Why All The Hate for "The System QB"?


Just another cog in the machine---but a machine that works!

Mike Leach has always been a fantastic interview--whether it's telling folks to 'have a happy halftime' or telling folks that in order to win, he'll have to 'score more points than the other team scores' or doing the local weather.


In this month's Texas Monthly sports blog (who would have thought that publication had a sports blog? One day, it's stories on touristy spots and the Top 40 lawyers, the next is the intricacies of the Veer), Leach uses his usual dry wit to poke a little fun at the fact that no one seems to respect his incumbent QB Graham Harrell:

"Graham had one of the best years of anyone in the nation, and as you look at it, I guess most people are rating him as one of the top six quarterbacks in the Big XII. I guess those two thousand more yards he threw more than anyone else don't count as much as they used to. I guess he just did it accidentally. He lucked into those, but the other quarterbacks worked really, really hard for their yards. I don't buy any of that."

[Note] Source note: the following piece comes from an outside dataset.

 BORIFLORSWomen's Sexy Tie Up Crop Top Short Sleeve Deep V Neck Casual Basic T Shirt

While most critics will point out that Harrell benefits from a system that throws the ball often and uses screens and shovel passes to take the place of runs (and thus, increasing the passing yards)--the simple fact is that Leach's QBs DO PUT UP THE NUMBERS. Much like no one complained that Ron Dayne won the Heisman because he ended up as the career rushing leader in college football as the focus of a ground bound Wisconsin under Barry Alvarez or that Earl Campbell ran up totals in a Wishbone set for Darrell Royal, the 'System QB' argument for passing stats is somewhat flimsy.

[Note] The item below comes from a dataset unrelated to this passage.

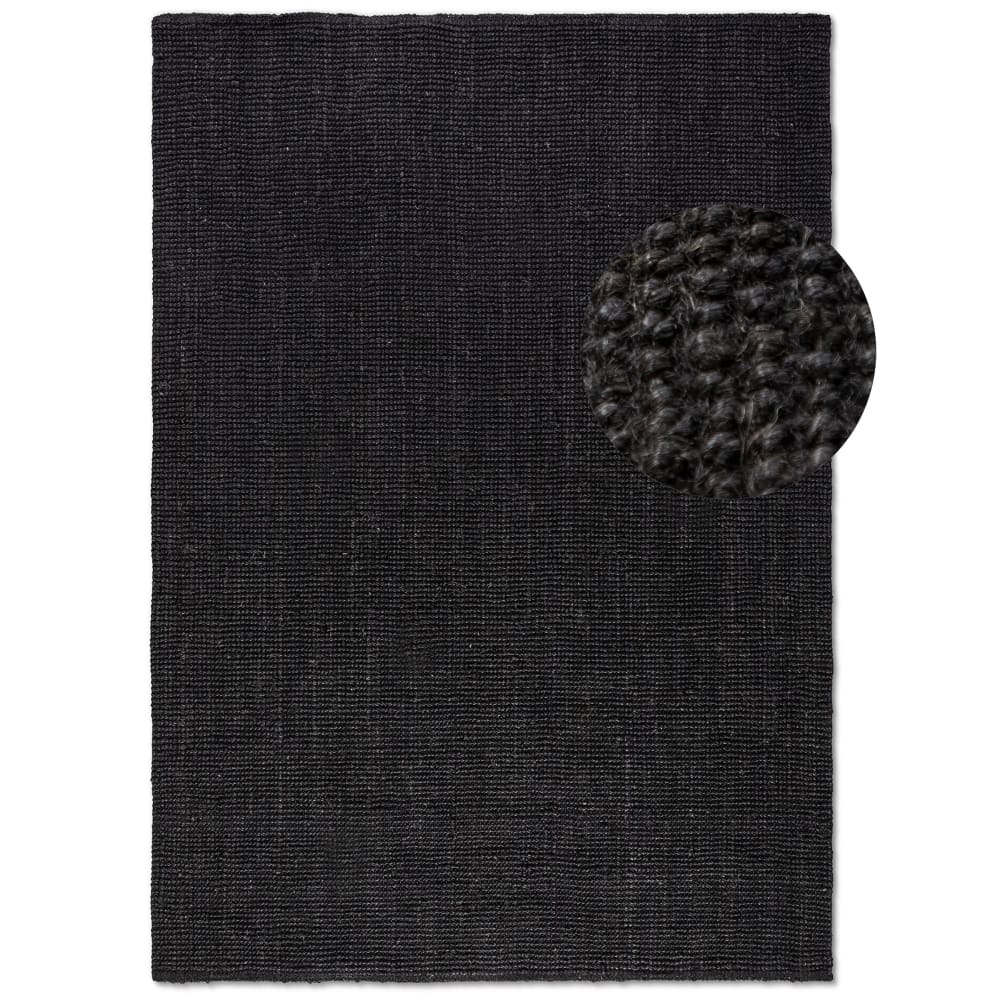 Tapis en jute bouclé noir 190x280cm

Yes, typically the throw first quarterback has not done well in the NFL--people are quick to throw out busts like David Klinger and Andre Ware from their days at Houston in the Run and Shoot or the parade of Leach disciples Tim Couch, Kliff Kingsbury, B.J. Symons, Sonny Cumbie or the fact that much of Florida's signal callers under Steve Spurrier have had less than steller NFL careers. However, no one points out that Akili Smith, Ryan Leaf, Trent Dilfer, Todd Marinovich, Cade McNown, Rick Meier were all also busts from more balanced offenses.

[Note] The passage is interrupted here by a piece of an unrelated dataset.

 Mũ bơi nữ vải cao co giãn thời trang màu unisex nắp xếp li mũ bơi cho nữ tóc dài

Even on the flip side-- running all the time at Nebraska and Oklahoma didn't help the NFL careers of Scott Frost, Eric Crouch, Turner Gill, Charles Thompson, Jamielle Holloway---and not many folks were super excited to step up and draft wide receivers from offensive systems that used them as little more than couriers to run plays or downfield blocks.

Either way, Leach does have a point--his QB had to stand in there and throw the ball and take the hits just as much as the next guy, heck, some would argue that he had to do it even more than the next guy-- yet here he is being told that his player's just not as good as the next. He may not be throwing Molotov cocktails at the opposition to fire up the media, but his darts are right on target.